Australian Livestock and Rural Transporters Association of Australia animal welfare committee chair Mick Debenham said the new standards — which are guidelines and not mandatory — would improve worker safety and animal welfare.

“Loading ramps and forcing yards are the most dangerous part of livestock handling facilities,” Mr Debenham said.

“In 2020, livestock producers, handlers and transporters can no longer accept the unnecessary risk of crushing, lacerations and slips, trips and falls, and tragically, sometimes death.”

Mr Debenham said there was consensus within the industry that improved safety could be best achieved by keeping livestock and people separated.

“This is a guiding principle that is reflected throughout the standard and by improving safety for workers, we also improve the safety and welfare of our livestock — the two go hand in hand,” he said.

“The standard is strongly supported by the livestock supply chain and based on the pre-existing Guide for Safe Design of Livestock Loading Ramps and Forcing Yards published in 2015.

“Those who have followed the guide will generally meet the standard.”

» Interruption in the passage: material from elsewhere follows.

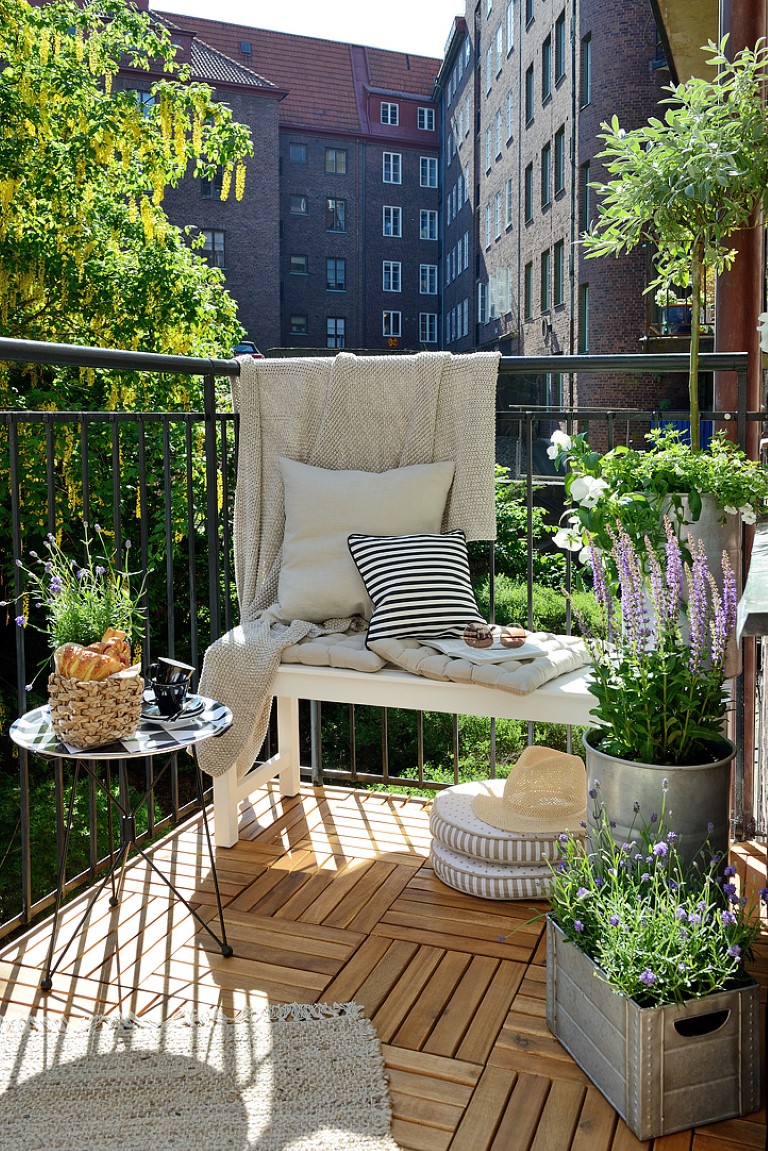 design-ideas-for-small-balconies-dip-feed-7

ALRTA national president Scott McDonald said that there had never been a better time to invest in safer and more productive livestock ramps.

“After an unprecedented string of natural disasters, the rural sector is now enjoying a good season and minds will soon turn to investing profits in improved supply chain infrastructure,” he said.

“The Federal Government is encouraging new investment via instant asset write-off provisions announced in the 2020-21 Budget.”

Mr McDonald said until June 30, 2022, businesses could generally write off the full cost of depreciable assets in the first year of use or installation.

“I strongly encourage all ramp owners to undertake a safety risk, animal welfare and productivity assessment of their existing livestock ramps and take the opportunity to bring facilities into line with the national ramp standard while the investment incentives are in place,” he said.

“Farmers and depot managers purchasing new equipment should ask the manufacturer if the product meets the standard.”